Après tout, toute l’horreur et la terreur qu’inspirent le requin viennent de sa nature de prédateur particulier, pour ne pas dire opportuniste. Son aileron n’est jamais plus terrifiant que quand il disparaît sous les eaux, et une fois immergé, sa discrétion est proverbiale. De plus, la bête a un sens pratique des plus cruels, mordant sa proie pour en emporter un morceau pour aller manger plus loin, avant d’éventuellement revenir se servir. Une glaçante manière de chasser, admettons-le, bien loin des capacités du mégalodon, dont la mâchoire se révélait tellement large qu’il pouvait avaler un humain avec autant de facilité que Monstro déglutit Pinocchio. Nul besoin de déchiqueter la carcasse du baigneur avant de se régaler. Quant à parvenir à se cacher, n’en parlons pas. S’il tente vaguement de nous surprendre en exploitant le hors-champ, on a bien du mal à croire qu’un poisson de 25 mètres de long puisse vous tourner autour à moins de 10 mètres sans qu’un de ses ailerons n’entre dans votre champ de vision. Autant dire que le potentiel horrifiant du mégalodon n’atteint pas celui du bon vieux requin blanc. L’horreur est un genre qui se joue de la taille.

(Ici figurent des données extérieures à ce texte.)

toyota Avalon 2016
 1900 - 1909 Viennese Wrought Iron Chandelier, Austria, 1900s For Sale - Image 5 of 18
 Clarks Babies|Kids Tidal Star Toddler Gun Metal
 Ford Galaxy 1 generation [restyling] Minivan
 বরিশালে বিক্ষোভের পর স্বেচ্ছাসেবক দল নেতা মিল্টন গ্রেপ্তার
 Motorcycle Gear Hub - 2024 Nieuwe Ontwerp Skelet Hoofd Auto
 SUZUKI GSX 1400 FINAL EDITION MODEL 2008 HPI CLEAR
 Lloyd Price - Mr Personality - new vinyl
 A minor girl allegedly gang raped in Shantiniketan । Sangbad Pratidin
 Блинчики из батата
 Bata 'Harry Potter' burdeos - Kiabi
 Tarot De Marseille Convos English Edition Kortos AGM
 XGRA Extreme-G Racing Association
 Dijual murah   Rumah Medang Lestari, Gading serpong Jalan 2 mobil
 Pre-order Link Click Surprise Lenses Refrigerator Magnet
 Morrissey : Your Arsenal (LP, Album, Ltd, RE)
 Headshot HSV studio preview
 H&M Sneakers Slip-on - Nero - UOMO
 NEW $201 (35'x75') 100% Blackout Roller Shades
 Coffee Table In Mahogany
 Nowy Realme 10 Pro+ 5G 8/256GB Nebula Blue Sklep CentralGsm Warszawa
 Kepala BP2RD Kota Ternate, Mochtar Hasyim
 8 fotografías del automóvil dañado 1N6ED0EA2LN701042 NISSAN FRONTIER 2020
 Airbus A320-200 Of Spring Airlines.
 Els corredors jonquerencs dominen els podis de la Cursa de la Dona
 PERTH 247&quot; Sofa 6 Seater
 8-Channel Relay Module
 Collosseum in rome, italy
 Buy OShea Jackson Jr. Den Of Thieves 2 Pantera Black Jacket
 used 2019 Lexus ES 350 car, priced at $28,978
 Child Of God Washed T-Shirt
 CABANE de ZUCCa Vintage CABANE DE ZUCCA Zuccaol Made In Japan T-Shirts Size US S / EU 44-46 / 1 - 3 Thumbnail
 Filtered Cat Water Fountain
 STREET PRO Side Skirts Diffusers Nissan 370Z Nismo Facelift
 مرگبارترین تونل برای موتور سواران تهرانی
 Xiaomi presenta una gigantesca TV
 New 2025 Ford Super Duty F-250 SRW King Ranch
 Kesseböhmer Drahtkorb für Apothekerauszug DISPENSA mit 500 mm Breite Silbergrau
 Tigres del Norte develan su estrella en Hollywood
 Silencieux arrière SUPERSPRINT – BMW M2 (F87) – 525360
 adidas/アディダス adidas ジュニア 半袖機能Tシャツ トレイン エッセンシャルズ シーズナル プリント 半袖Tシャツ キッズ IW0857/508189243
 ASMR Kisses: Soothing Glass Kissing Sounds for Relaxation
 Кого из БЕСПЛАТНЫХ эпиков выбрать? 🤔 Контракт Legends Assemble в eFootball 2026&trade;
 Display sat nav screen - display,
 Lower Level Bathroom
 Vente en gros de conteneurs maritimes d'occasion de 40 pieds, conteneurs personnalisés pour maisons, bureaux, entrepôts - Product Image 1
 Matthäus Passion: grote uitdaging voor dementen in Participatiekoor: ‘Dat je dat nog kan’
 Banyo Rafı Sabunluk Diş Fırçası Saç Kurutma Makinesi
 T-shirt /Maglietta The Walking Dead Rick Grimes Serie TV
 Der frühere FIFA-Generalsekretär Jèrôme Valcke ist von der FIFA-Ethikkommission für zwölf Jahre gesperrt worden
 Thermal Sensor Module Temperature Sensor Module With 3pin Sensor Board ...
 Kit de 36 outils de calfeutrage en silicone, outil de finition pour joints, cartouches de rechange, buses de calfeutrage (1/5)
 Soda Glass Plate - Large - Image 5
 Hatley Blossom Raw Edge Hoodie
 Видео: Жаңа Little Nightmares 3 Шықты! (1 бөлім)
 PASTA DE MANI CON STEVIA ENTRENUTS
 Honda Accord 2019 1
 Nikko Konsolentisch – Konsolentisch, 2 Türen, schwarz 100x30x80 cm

En revanche, dans les eaux tumultueuses de l’action, En Eaux troubles se défend avec une fougue que ne renierait pas un espadon hameçonné au bout d’une ligne, avec ses séquences de sauvetages sur le fil et d’attaques de requins sous stéroïdes. Certes, l’ensemble ne nous réserve pour ainsi dire aucune surprise, et l’humour décomplexé habituellement dévolu aux productions de ce genre est plutôt pataud, et parfois même très mal amené, néanmoins, les effets spéciaux donnant vie à la bête se révèlent plutôt décents compte tenu du budget et pas mal de séquences marqueront un peu leur spectateur (L’attaque de la station sous-marine, Jason Statham jouant les appâts accroché à un câble tracté par un bateau lancé à pleine vitesse), tandis que d’autres, bien qu’impressionnantes c’est vrai, se révèlent globalement inutiles (et se concentrent principalement vers la fin). Clairement, l’ennui a fait ses valises et est allé se prélasser sous d’autres cieux.

Portant les marques de sa lente gestation, En Eaux troubles ne fera pas frissonner les amateurs d’horreur. Il n’émerveillera pas non plus les esthètes des personnages fins et bien écrits. En revanche, les amateurs de traque démesurée, biberonnés aux invraisemblables productions 90’s et leurs effets spéciaux (préhistoriques vus de 2018), trouveront un film haletant et sans temps morts. On aurait peut-être apprécié plus de profondeur, mais c’est déjà pas mal.